GQF 1500 Sportsman Incubator – $200
I caved. I bought an incubator, something I had been planning on buying early next year. This incubator is one that the swap hostess put up for auction on Facebook a few months ago (went for $275). I had forgotten about the auction and never bid and thought, “Damn, I missed out.” Apparently two people were no-shows because she was selling it at the swap. It’s an older model, but to buy it brand new costs over $600, and I’ve heard people swear by them. It is missing the screens and has no trays, and the automatic turner is broken. It is in otherwise excellent condition and she sent it in for servicing when she got it last year. So far I am another $150 into it buying trays, wick pads and a candler, though none of that was absolutely necessary and the candler certainly shouldn’t be charged to incubator cost. Replacing the automatic turner is $140, but Mike is going to take a look and see if he can fix it. If not, I’ll be turning by hand for a while.

Update: I found out that before Erin this incubator/hatcher belonged to……. Will at Whitmore Farms! Everything really is a full circle in this place. I’m in contact with the woman I got the wheaten/blue wheaten Ameraucana eggs from and am hoping that come sometime midweek she may have extra eggs to sell. I’m not banking on it, but I honestly wouldn’t mind having just a flock of wheaten/blue wheaten Ameraucanas.

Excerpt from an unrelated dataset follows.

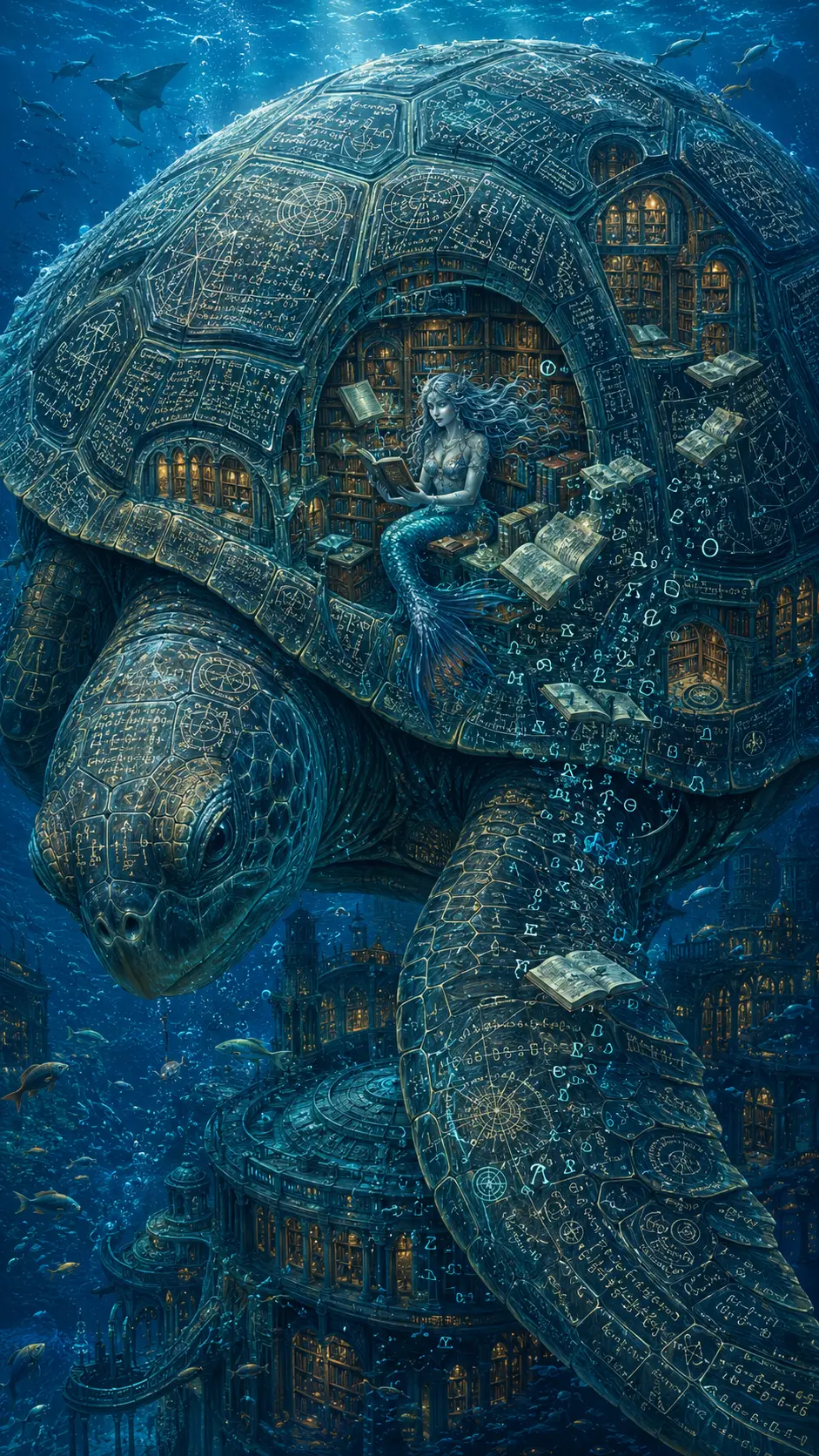 Ancient Sea Turtle Bearing An Underwater Library Shell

9 Blue Wheaten/Wheaten Hatching Eggs – $50
Clearly, I needed something to test the incubator out with. I’m going to be figuring out a way to use the incubator while waiting for my trays to come in, turn the eggs by hand, and hope that something out of these lovely blue eggs hatches. And is female.

4 x 5-foot Designer Coop with Red Barnwood – $$FREE$$
I still can’t believe we won this. It’s the first thing Mike has ever won, and it’s beautiful and such a gracious gift. Erin (Green Hill Farm and hostess of the Maryland Poultry Swap) told us that someone was getting angry when he later found out the drawing went and he didn’t get it. I don’t understand people like that. I went there thinking we weren’t going to win it, and even said so multiple times. I posted the flyers because why not give it a try, and why not advertise for a great event.

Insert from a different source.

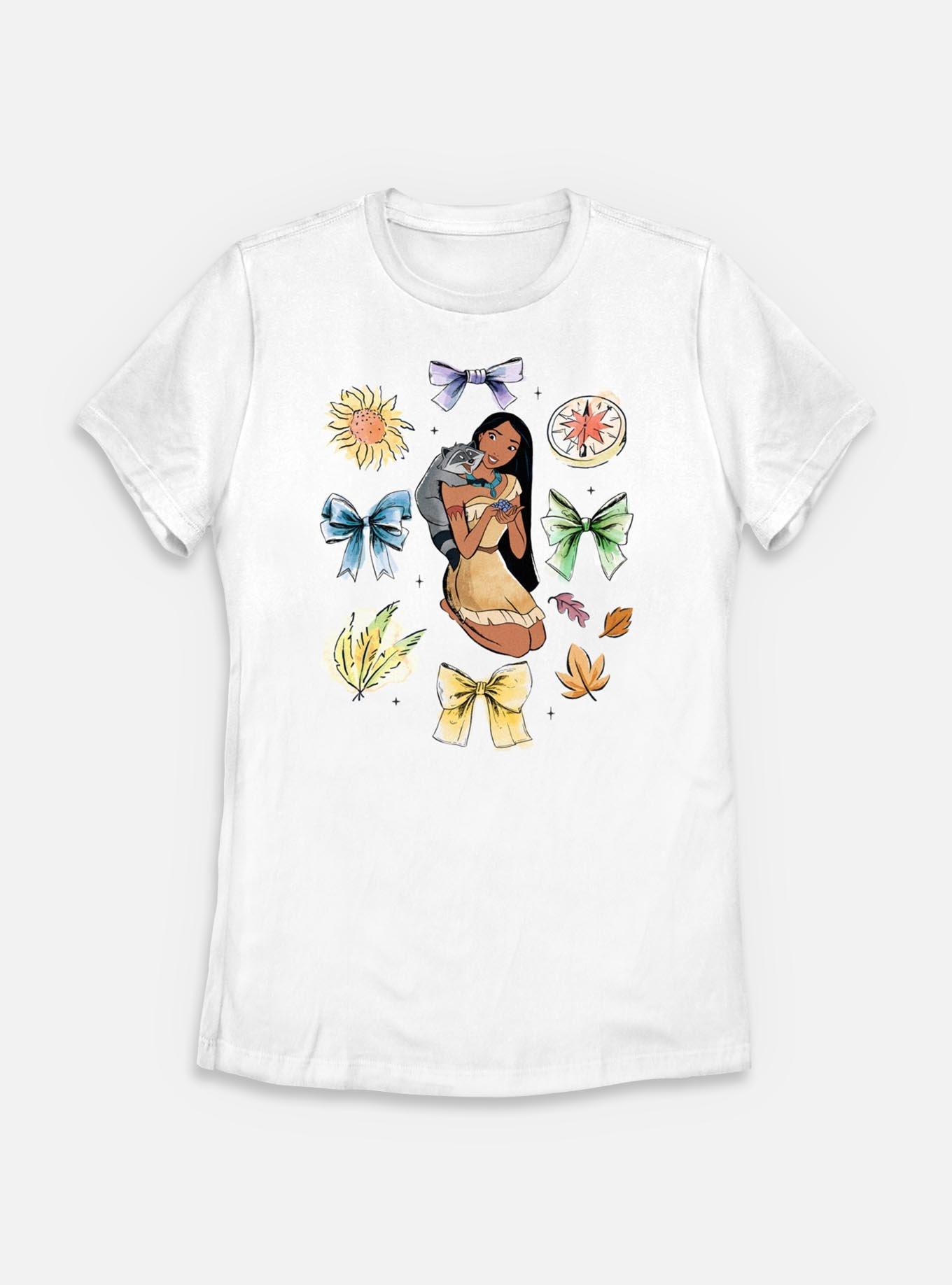 Disney Princesses Pocahontas Bow Icons Womens T-Shirt, WHITE, hi-res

I would like to think we made out exceptionally well, and I was feeling pretty good about it before we won the coop and as we were putting together the incubator to cart to the truck. The only things we bought that are not shown above were some Reece’s homemade fudge (already eaten, $2.50), a third feeder ($14.95), and horseradish (free from where I bought the blue wheaten/wheaten Ameraucana eggs & hatching eggs).

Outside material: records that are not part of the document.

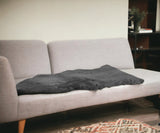 Charcoal Plain Weave Faux Fur Solid Color Throw - Homeroots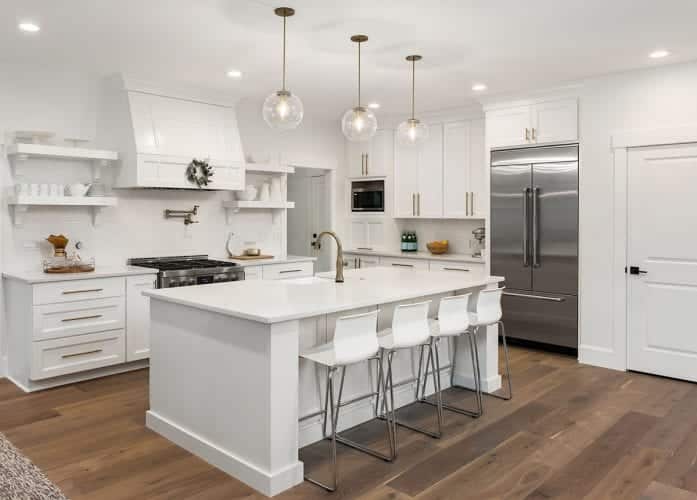 Kitchen with open shelving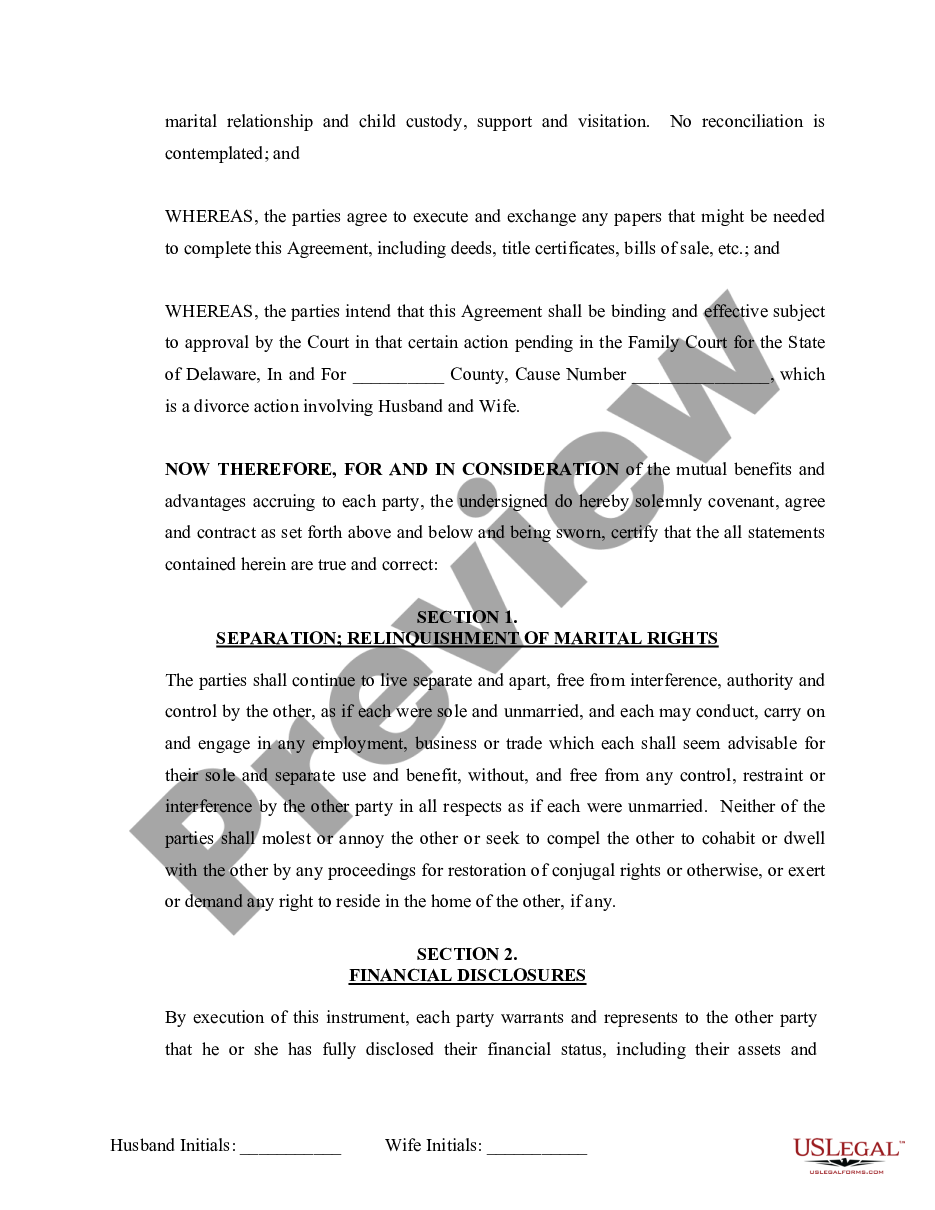 page 2 Marital Legal Separation and Property Settlement Agreement Minor Children no Joint Property or Debts where Divorce Action Filed preview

All-in-all a great day with some great finds. I wasn’t expecting to take care of chicks this late in the game, but you won’t hear me complain!

P.S.: If you’re in Maryland or somewhere relatively close, and especially if you can afford it, I recommend you take a look at Designer Coop. I came thisclose to buying one, but Mike wanted to build one ourselves instead. They are beautiful and well-built, and I hope to use ours for years to come!